DFB.de: Gilt das auch für die beiden Junioren-Weltmeisterschaften im Spätsommer?

Sammer: Bei der U 20 haben wir es nicht geschafft, mit den Bundesliga-Klubs einen guten Konsens zu finden. Horst Hrubesch hat mit seinem Team das Beste aus der Situation gemacht, aber wir konnten unserem Anspruch in dieser Konstellation nicht gerecht werden. Ähnliches gilt auch für die U 17-WM in Nigeria, wo die Spieler unter schwierigen Umständen ihr optimales Leistungsvermögen nicht erreichen konnten. Das waren in vielen Bereichen kleine und leichte Rückschläge auf unserem Weg.

DFB.de: Welche Schlüsse ziehen Sie daraus?

Sammer: Nach dem grandiosen Sommer haben wir es nicht geschafft, mit unserer neuen Rolle umzugehen. Wir hatten etwas erreicht, die Wahrnehmung hatte sich verändert. Damit mussten wir umgehen. Die größte Schwachstelle sehe ich in Kompromissen, die wir eingegangen sind. Wir haben die Auseinandersetzung und das Streitgespräch immer im Interesse der Sache nicht mehr gesucht und den harmonischen Weg gewählt. Ich kann mich nur wiederholen: Aus meiner Erfahrung heraus geht das im Leistungssport in die falsche Richtung. Eine fruchtbare Atmosphäre kann sich nur aus einer kritischen Auseinandersetzung entwickeln.

DFB.de: Sie haben bei Ihrem Amtsantritt im Jahr 2006 den Anspruch formuliert, „etwas aufzubauen“ und „junge und leistungsstarke Spieler“ an die Nationalmannschaft heranzuführen. Angesichts der Entwicklung von beispielsweise Boateng, Neuer und Özil müssen Sie sich in Ihrer Zielsetzung bestätigt fühlen.

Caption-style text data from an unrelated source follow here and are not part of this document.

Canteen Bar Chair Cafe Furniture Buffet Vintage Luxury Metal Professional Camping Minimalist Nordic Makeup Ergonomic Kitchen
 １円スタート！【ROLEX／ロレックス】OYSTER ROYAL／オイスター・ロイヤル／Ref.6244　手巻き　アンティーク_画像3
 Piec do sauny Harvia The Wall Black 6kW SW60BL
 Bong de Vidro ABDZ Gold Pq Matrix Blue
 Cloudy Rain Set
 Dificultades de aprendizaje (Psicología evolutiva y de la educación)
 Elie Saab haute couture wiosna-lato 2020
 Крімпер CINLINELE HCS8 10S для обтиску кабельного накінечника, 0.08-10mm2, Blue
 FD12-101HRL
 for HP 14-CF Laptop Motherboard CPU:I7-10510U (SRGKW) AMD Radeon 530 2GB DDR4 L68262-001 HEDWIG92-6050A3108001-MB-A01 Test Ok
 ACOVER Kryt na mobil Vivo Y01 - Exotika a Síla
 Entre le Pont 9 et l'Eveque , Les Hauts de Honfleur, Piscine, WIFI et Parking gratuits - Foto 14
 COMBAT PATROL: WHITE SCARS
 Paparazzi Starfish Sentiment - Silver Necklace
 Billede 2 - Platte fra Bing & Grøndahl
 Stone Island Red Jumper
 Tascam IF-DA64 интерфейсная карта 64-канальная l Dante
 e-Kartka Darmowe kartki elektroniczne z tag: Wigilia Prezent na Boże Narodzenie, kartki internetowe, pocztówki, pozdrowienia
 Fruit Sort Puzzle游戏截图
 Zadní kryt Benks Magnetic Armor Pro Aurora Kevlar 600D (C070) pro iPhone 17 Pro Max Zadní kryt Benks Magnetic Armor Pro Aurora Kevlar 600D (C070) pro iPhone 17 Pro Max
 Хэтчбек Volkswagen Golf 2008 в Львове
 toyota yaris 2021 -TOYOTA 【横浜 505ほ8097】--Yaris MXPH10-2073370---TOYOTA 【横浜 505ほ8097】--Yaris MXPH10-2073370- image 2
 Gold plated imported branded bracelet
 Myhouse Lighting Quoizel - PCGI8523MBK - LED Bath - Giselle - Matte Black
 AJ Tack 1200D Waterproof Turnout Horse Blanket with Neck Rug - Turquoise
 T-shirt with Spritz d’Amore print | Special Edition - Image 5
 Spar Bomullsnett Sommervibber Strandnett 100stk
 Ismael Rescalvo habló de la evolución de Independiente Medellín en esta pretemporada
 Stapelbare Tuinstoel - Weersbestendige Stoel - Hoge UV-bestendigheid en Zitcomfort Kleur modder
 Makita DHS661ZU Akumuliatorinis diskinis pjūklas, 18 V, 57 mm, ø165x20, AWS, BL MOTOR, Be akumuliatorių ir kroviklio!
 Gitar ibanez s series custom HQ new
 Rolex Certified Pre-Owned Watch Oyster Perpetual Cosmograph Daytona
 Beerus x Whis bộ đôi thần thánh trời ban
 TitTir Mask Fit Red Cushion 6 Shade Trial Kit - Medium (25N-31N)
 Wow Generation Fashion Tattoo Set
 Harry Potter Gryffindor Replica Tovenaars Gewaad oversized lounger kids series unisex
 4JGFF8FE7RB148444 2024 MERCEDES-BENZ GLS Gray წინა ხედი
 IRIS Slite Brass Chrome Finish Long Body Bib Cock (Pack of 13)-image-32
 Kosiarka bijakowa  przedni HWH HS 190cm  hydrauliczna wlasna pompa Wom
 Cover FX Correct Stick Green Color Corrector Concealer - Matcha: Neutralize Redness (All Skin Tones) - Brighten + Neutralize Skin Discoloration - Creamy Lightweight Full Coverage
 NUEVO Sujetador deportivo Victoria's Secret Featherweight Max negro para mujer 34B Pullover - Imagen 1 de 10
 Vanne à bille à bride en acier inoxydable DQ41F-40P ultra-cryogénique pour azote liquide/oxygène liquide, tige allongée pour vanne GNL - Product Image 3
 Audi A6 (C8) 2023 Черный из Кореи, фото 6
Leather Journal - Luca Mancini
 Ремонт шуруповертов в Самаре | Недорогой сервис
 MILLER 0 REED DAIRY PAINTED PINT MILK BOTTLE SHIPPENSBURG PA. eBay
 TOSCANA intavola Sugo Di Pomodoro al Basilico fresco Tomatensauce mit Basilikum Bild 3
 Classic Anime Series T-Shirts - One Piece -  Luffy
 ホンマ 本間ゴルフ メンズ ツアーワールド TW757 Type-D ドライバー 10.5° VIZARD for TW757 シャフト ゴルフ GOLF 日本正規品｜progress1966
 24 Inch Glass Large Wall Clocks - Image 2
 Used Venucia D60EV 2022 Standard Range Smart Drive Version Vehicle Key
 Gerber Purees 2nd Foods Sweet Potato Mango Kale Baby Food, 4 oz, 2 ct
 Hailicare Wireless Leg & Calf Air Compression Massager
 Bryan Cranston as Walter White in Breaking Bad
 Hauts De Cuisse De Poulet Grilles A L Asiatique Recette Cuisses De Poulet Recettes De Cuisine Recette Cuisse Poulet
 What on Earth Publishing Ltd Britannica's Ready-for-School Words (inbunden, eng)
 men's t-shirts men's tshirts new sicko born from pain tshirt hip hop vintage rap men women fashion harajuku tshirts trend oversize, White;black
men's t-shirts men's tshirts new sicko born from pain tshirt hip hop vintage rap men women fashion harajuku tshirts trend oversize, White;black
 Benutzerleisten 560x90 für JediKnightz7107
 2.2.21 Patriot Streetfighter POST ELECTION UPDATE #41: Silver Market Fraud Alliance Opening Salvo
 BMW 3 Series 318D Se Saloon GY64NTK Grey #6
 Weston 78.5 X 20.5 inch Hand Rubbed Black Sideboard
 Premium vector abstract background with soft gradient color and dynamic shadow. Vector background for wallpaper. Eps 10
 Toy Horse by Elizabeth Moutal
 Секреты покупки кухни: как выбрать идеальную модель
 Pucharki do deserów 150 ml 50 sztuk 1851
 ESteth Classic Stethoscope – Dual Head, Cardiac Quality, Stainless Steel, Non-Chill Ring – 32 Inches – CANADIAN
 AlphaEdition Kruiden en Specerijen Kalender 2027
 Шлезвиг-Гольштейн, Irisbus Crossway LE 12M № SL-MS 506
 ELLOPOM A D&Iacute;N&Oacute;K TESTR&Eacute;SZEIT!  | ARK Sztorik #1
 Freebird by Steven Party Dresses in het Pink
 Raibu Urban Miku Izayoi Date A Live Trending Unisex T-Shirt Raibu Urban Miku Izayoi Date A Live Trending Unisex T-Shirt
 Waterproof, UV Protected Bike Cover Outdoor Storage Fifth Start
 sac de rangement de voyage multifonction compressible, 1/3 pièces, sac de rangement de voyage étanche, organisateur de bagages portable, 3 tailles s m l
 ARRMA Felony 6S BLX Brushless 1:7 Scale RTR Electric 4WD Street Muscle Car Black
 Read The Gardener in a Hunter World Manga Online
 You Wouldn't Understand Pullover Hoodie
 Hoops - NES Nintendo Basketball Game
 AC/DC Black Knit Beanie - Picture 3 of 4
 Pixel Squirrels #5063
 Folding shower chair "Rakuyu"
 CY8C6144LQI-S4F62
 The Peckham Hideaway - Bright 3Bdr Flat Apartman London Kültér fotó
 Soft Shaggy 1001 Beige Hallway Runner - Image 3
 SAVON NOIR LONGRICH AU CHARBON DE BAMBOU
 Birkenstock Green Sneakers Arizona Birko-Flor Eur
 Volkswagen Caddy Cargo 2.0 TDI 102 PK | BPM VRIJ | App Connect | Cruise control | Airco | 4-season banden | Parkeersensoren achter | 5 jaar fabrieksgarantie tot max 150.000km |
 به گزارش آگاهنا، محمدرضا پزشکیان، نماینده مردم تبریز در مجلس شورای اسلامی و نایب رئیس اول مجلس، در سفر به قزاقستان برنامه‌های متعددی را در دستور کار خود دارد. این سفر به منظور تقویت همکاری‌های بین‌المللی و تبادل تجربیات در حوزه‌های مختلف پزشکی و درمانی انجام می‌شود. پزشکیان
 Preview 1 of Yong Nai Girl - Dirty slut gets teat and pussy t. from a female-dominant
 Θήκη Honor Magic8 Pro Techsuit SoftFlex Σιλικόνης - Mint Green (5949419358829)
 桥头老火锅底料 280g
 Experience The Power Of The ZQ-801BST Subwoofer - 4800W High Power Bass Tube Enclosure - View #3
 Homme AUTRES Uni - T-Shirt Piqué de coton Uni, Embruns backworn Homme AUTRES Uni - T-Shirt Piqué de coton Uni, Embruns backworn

Sammer: In der individuellen Leistungsfähigkeit haben wir in der Tat Fortschritte gemacht. Wir müssen aber die Individualität der Spieler noch stärker weiterentwickeln und dazu ihren Charakter schulen. Die Spanier, von deren EM-Startformation 2008 zehn Spieler – außer dem gebürtigen Brasilianer Marcos Senna - im Junioren-Bereich Titel gewonnen haben, sind das beste Beispiel für eine kontinuierliche und erfolgreiche Nachwuchsarbeit. Da haben wir Nachholbedarf. Wir pflegen aus meiner Sicht zu oft einen zu behutsamen Umgang mit unseren Talenten. Ich vermisse eine wirklich kritische Auseinandersetzung mit den jungen Spielern über ihren Entwicklungsstand, die aber immer förderlich, hilfreich und unterstützend geführt werden muss. Wenn wir unsere besten Talente wirklich fördern wollen, dürfen wir auch das Fordern nicht vergessen.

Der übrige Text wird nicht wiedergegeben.